Sección: Sociedad Civil: Transformaciones socio-culturales

Chile bajo la amenaza de crisis involutiva (Hipótesis de Trabajo)

Antonio Cortés Terzi

www.asuntospublicos.org
Agosto 2001

Riesgo de involución

Chile vive y enfrenta una actualidad difícil. A primera vista, tampoco son promisorios los escenarios futuros mediatos e inmediatos. En las dirigencias de toda índole existe consenso en cuanto a que el país requiere de esfuerzos adicionales, de reorientaciones gruesas, en gran medida radicales, para los efectos de superar el estado de cosas actual y para reafirmar prontamente opciones de mayor desarrollo. Se piensa que, de mantenerse inercialmente los rumbos vigentes, se alejarían las expectativas de un nuevo ciclo de prosperidad.

Tal diagnóstico no sólo está presente en las elites dirigentes sino que también es una percepción masiva constatable a través de múltiples indicadores.

En lo que no existe el mismo consenso es en lo siguiente: en realidad, la necesidad de un cambio de rumbos no es un requerimiento sólo para progresar. Lo es también para no retroceder.

En efecto, se sostiene aquí la hipótesis que la amenaza que se yergue sobre Chile no es, exclusivamente, la de un bajo crecimiento o la de un franco estancamiento económico. La amenaza incluye la posibilidad de la apertura de un período social y económicamente involutivo.

Por supuesto, esta es una hipótesis resistida por la mayoría de los cuerpos elitarios del país. Si la asumieran, trabajarían con más celeridad y con algún sesgo de dramatismo en la búsqueda de nuevas fórmulas de reordenamiento del quehacer nacional.

Pero no son señales de ese tipo las que emanan de todos los cuerpos dirigentes. El clima promedio que se observa en esos sectores es más bien, paradojalmente, de quietismo, que se expresa, entre otras cosas, en una marcada falta de audacia a la hora de pensar y proponer y en la insistente reiteración de fórmulas ortodoxas – conservadoras, a estas alturas – para configurar alternativas.

Incluso son visibles señales todavía más negativas: algunos conjuntos adoptan conductas inmovilistas a la espera de las iniciativas de otros y responsabilizan a éstos de su propia indolencia. Qué más gráfico de ello la frase que le espetara el líder máximo de la CPC, Ricardo Ariztía, al Presidente de la República en la última ENADE: “Señor Presidente, ¡déjenos trabajar tranquilos!”.
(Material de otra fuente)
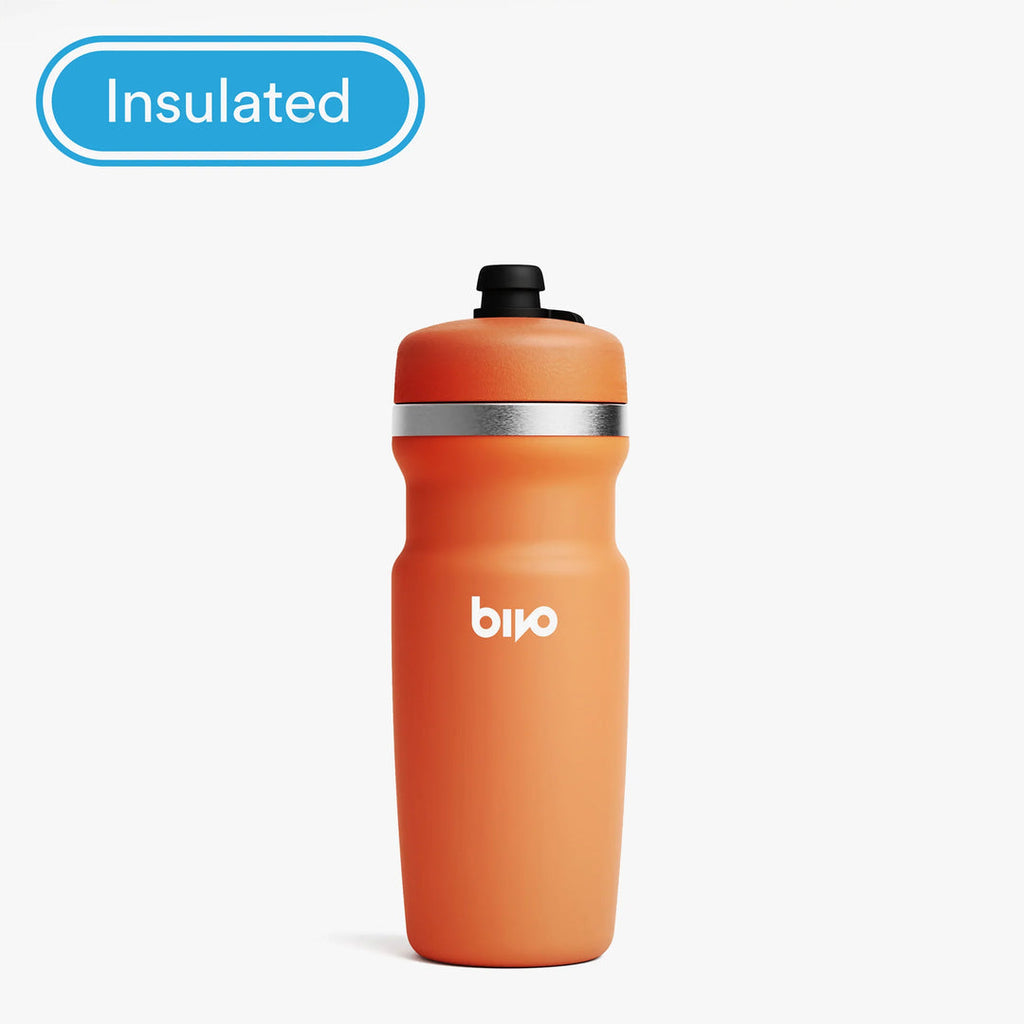 Bottle - Bivo One 21oz Lightweight - Matcha (arc)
Otras instancias conductoras, particularmente partidos de derecha y medios de comunicación, se comportan como si estuvieran exentos de la demanda de contribuir a la edificación de un nuevo momento político, social e histórico que se anticipe al riesgo de una fase involutiva.

Resistencias a la hipótesis de crisis regresiva

Advertir acerca de un peligro de involución del desarrollo nacional puede parecerles a muchos miembros de las elites una exageración y un pronóstico ajeno a la realidad mensurable. Y esto, básicamente, por dos razones. En primer lugar, porque, al menos sobre este punto, autoridades de Gobierno, personalidades de la Concertación, empresarios y derecha tienen una coincidencia elemental: la defensa del llamado “modelo económico” (que, dicho sea de paso, de concepto ha pasado a ser una entelequia) La hipótesis de una crisis regresiva es vista por estas instancias y dirigentes como una simple interrogación interesada al “modelo“y no como producto de una reflexión analítica.
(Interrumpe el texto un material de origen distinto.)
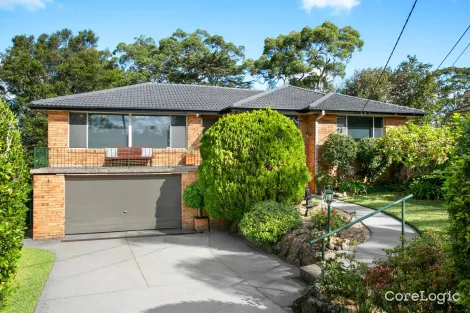 Property photo of 11 Howard Place North Epping NSW 2121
Para el empresariado y la derecha el “modelo” es obra suya y no están dispuestos a revisión alguna, puesto que, en su lógica, si la economía marcha mal es porque los gobernantes no tienen confianza en el “modelo” y, por ende, no lo aplican correctamente. Para autoridades del Gobierno, por su parte, particularmente para las responsables de la gestión económica, entendiblemente les resultaría muy difícil ponerse en la eventualidad discutida y, más aún, estando sometidas a las presiones de una pronta recuperación del crecimiento.

En segundo lugar, las resistencias a siquiera imaginar un cuadro regresivo tienen que ver con un fenómeno más amplio. Al seno de las elites chilenas se ha impuesto, hegemónicamente, una forma monotemática y, por ende sesgada de evaluar la realidad social y de reconocer los problemas nacionales.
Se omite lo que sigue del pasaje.